» **Directions**: Pictures aside, can you reproduce the records word for word?

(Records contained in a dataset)
-*-*-

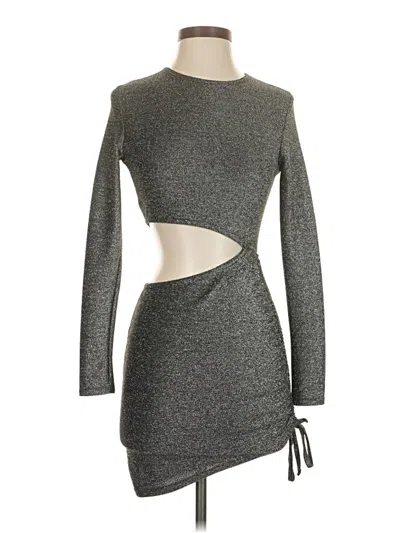 Pre-owned Prettylittlething Cocktail Dress In Gray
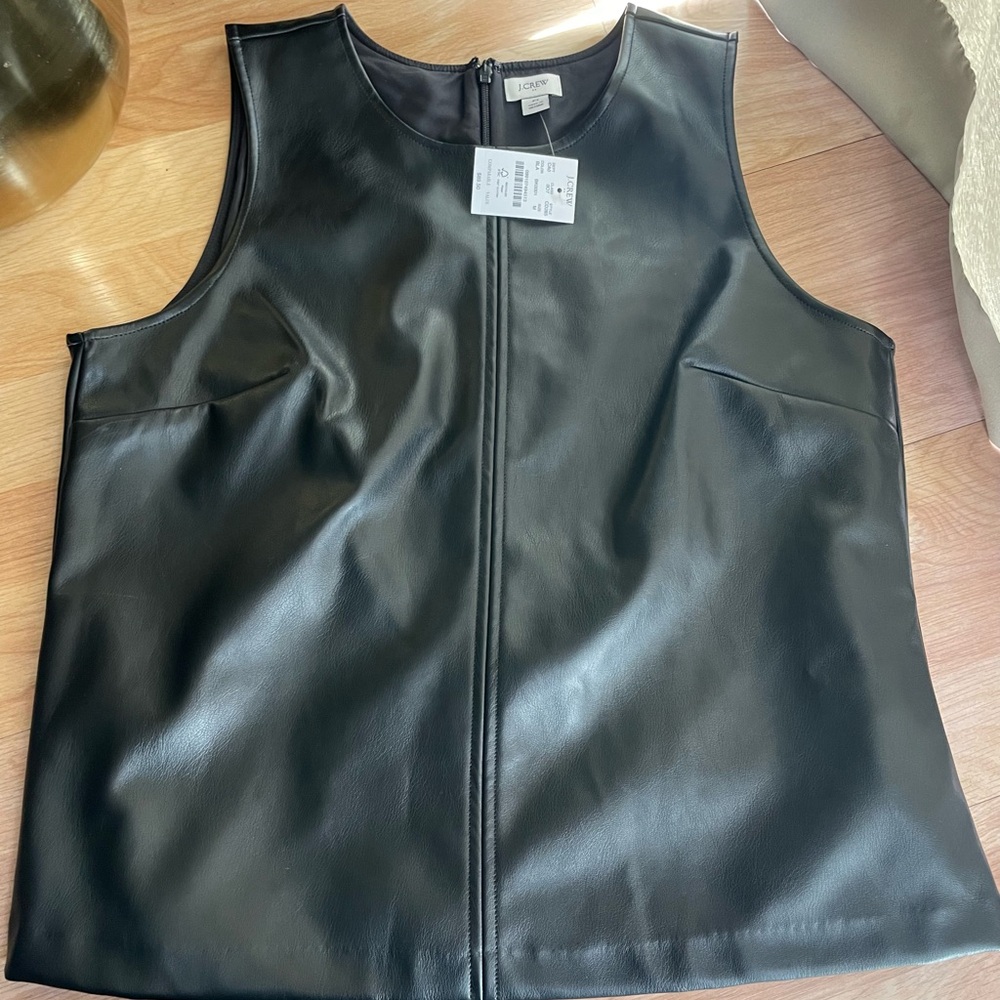 NWT j.crew faux leather shell top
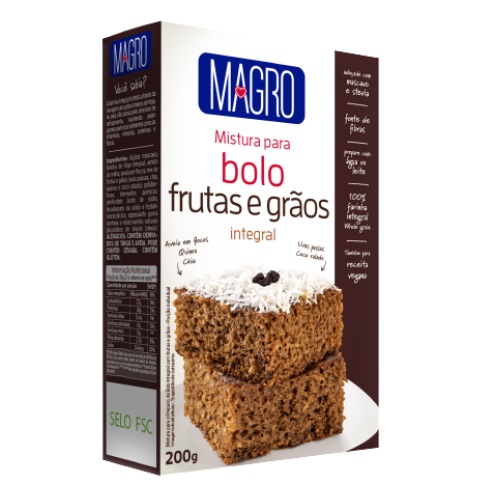 Mistura para Bolo Magro 200g - Integral - Frutas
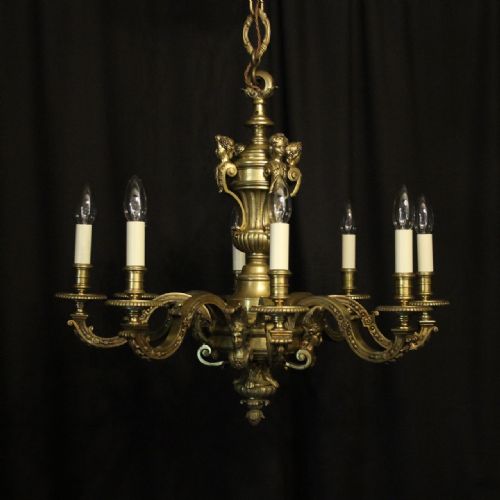 French Gilded Bronze 8 Light Antique Chandelier
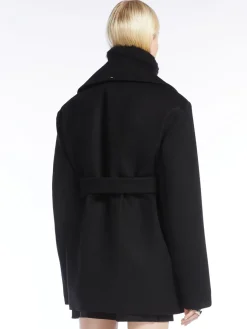 Oversized wool-blend pea coat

-*-*-

» **Written reply**:
 Pre-owned Prettylittlething Cocktail Dress In Gray
 NWT j.crew faux leather shell top
 Mistura para Bolo Magro 200g - Integral - Frutas
 French Gilded Bronze 8 Light Antique Chandelier
 Oversized wool-blend pea coat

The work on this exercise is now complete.